Bouba/Kiki effect is the result of a study that investigates the relationship between speech sounds and visual shapes and objects. First documented in 1929 by German psychologist Wolfgang Köhler, the first experiments were conducted on the island of Tenerife where participants were asked to identify which abstract shapes were called “takete” and which were called “baluba.” The latter was commonly associated with rounded edges, the former was associated with spikier ones. In 2001, Vilayanur S. Ramachandran and Edward Hubbard repeated Köhler’s experiment, asking American college undergraduates and Tamil speakers in India to identify which shapes were “bouba” and which ones were “kiki”. In both groups, most people selected the curvy shape as “bouba” and the jagged one as “kiki”, supporting the original thesis that the human brain indeed attaches abstract meanings to shapes. Other studies would follow, investigating the relationship between shapes and senses like taste, as well as how the brain perceives human appearances.
Based on synesthesia, an instinctual, free-associative response to sensorial stimuli through shapes, colors, textures, movements, and sounds, Sportmax constructs its own experiment in the form of an alchemical collage of elements that discover their own balance whilst transcending the confines of any logical explanation. Instinctively, silhouettes, colors, textures, movements, and the sounds of daily life are interpreted through a mature lens yet filtered through the innocence of a child’s eyes and zest for wonderment. Bouba and Kiki is an invitation to embrace dualisms, mixing the alien with the familiar. It’s a fashion-driven celebration of brazen creativity and the concept of CAMP, an aesthetic style and sensibility based on excess, irony and disruption of social norms.

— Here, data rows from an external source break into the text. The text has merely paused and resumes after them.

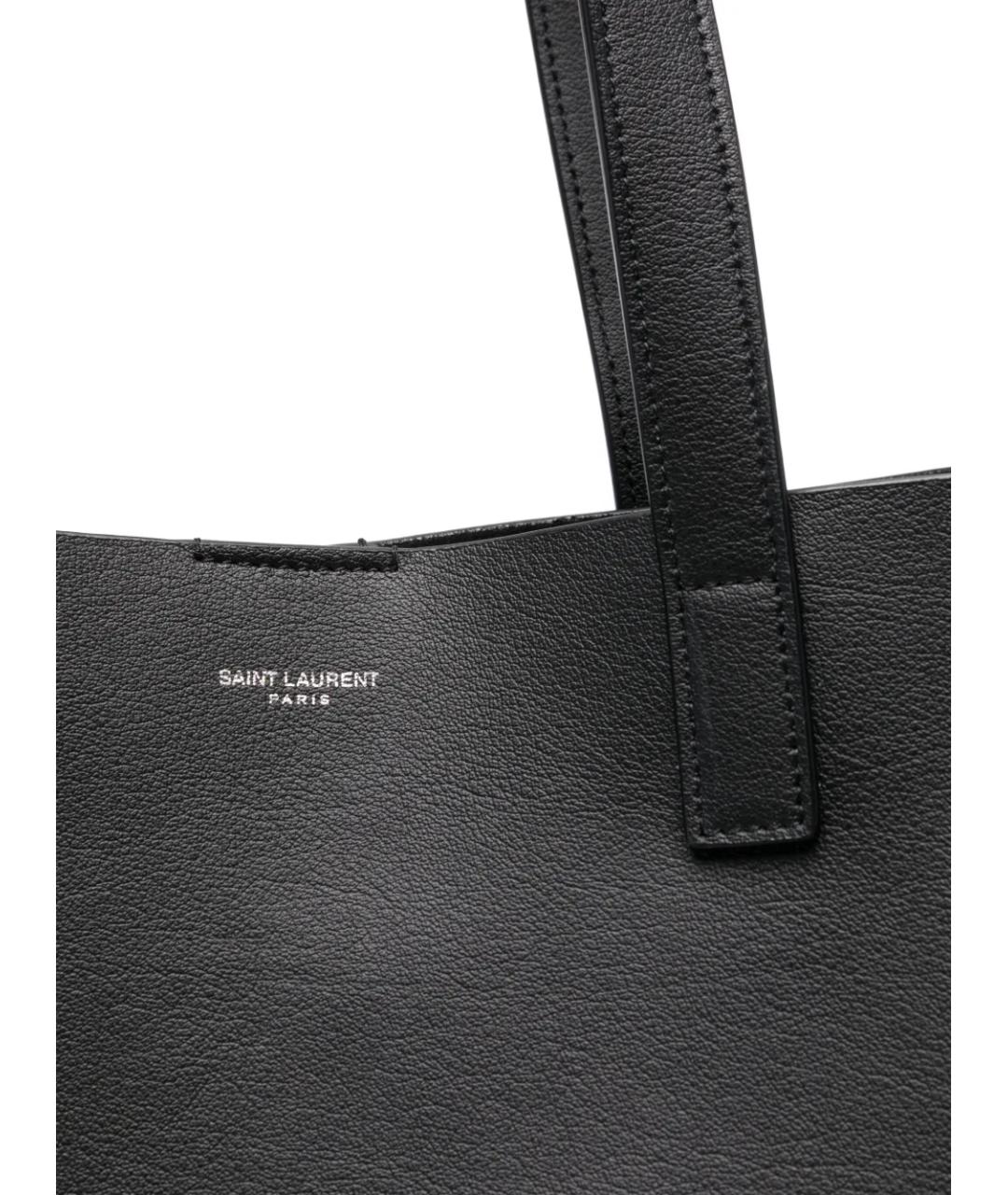 SAINT LAURENT Черная кожаная сумка тоут, фото 3
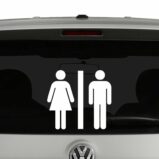 Unisex Restroom Symbol Sign Vinyl Decal Sticker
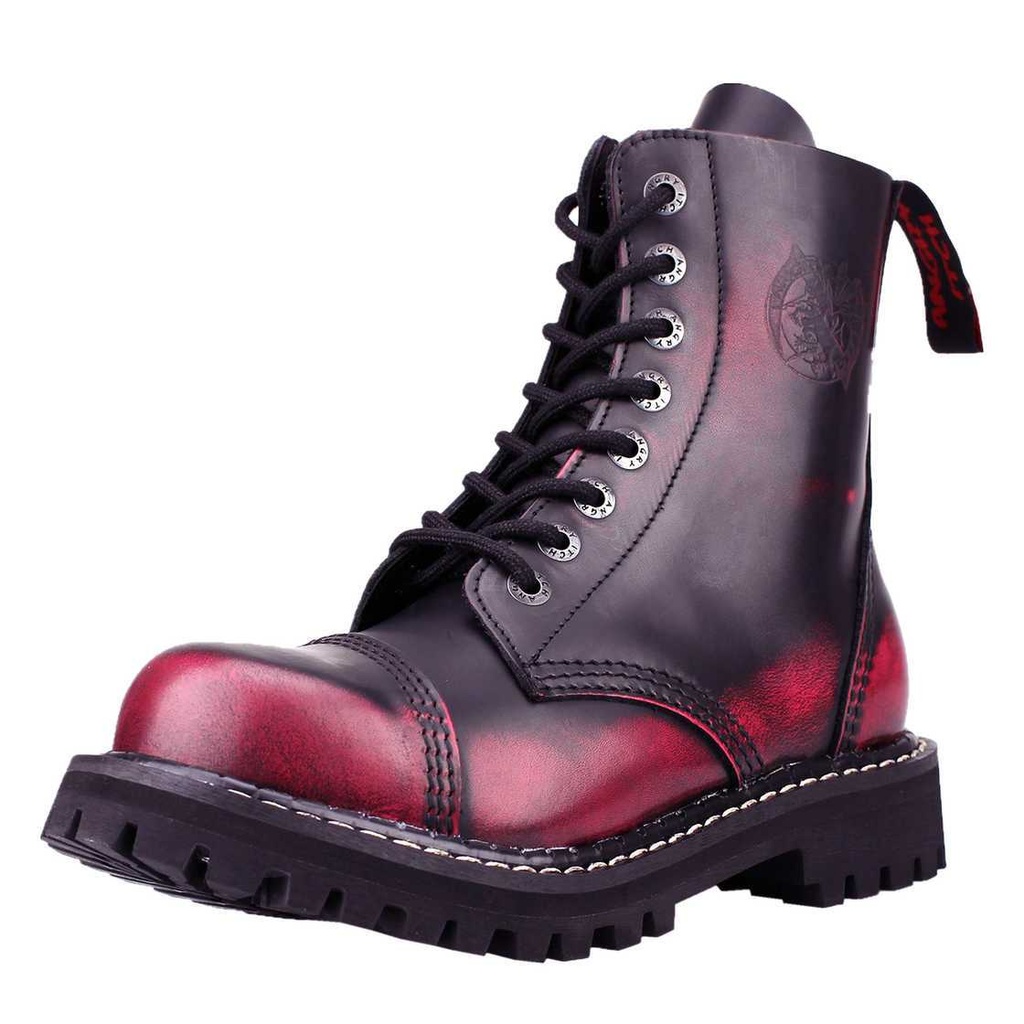 [AI08/PR/LE-36] Angry Itch 08-Loch Leder Stiefel Pink Rub-Off (Gr.36)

The geometric and organic, the natural and artificial and the ultra-casual and extravagant are the dueling contrasts at constant play. Minimal looks are also born from this contrast and turned into a second skin. Patterns that cloak the body with a hypnotic and luminescent energy, alternate with the heightened volumes of techno-couture skirts, matched with ultra-cropped tops. Streetwear materializes, reinterpreted ironically under the guise of evening wear, with “longer-than-life” sleeves and hems mimicking the sweeping trains of the 21st century red carpet. A vivid palette alternates between acid tones, pastels, deep colors, and touches of optical white and pure black are interspersed throughout.
Prints underscore the theme of sensorial stimulation through psychedelic motifs and tactile padding-effect textures. Accessories are dominated by footwear such as moulded, second-skin boots and anti-stress pneumatic bags. The shapes, inspired by different eras, are disassembled and reassembled, polarizing the dresscodes of the past. A-lines, narrow shoulders, low waists and the large flare silhouettes of the 1950s are positioned alongside the futuristic space age styles of the 60s and counterculture looks of the 90s, which was made up of cyberpunk suggestions that emerged from the technomusic and the clandestine rave scenes. The collection thus transforms into an incessant experimentation, one that oscillates between the Sugarpunk, Psycho-chic and Techno-couture universes. These influences intermingle in an affirmation of otherness, resistant to conformism, whilst on a continuous quest for the extreme. The soundtrack for the Spring Summer 2023 collection was composed by Teho Teardo.